What does this mean for Polish abortion law? While an individual application to the ECtHR is possible, chances for success are narrow. Applicants would have to convince the Court that the protection of morals is not a legitimate aim to restrict Art. 8 ECHR in this instance, by showing that the majority of Polish people does not deem abortions immoral when they’re due to foetal harm. Further, the unusual approach to the margin of appreciation doctrine in A., B. and C. v. Ireland is, though criticisable (see further here), not very likely to be overruled in a new case, as the ECtHR does commonly refer to its own case-law as precedent.

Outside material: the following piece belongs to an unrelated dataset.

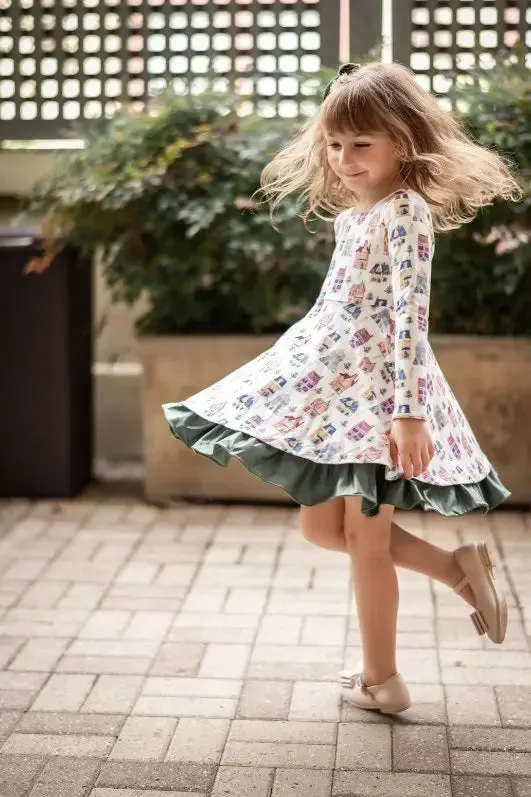 Holiday Village Printed Reversible Dress
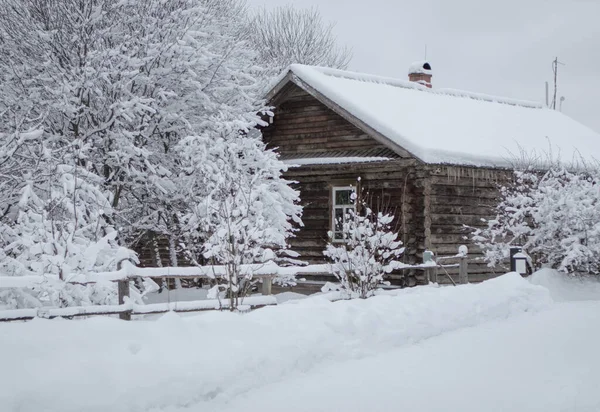 Зима Селі Будинок Снігу — стокове фото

Therefore, political change through democratic means seems to be the only viable option left.
Looking beyond boarders
The Polish example shows what the results of successful “populist constitutionalism” look like. It also shows what could be awaiting in other parts of the world. Looking over the pond, for example, we see that the US Senate just appointed Amy Cony Barret as the sixth conservative judge on the US Supreme Court, leading to a conservative “super-majority”. Fears over a repeal of the landmark judgement Roe v. Wade, in which the Supreme Court recognized a constitutional right to abortion, are not unfounded, seeing that the nomination of Ms. Barret marks the success of a decade-long campaign from right-wing powers to achieve a majority of conservative judges on the bench. The use of judicial institutions to political ends has turned into a wide-spread phenomenon. More institutions will change from protectors of checks and balances and minority rights into drivers of certain political objectives. No matter in which political direction, the erosion of respected constitutional institutions due to any form of unduly political influence is deeply regrettable.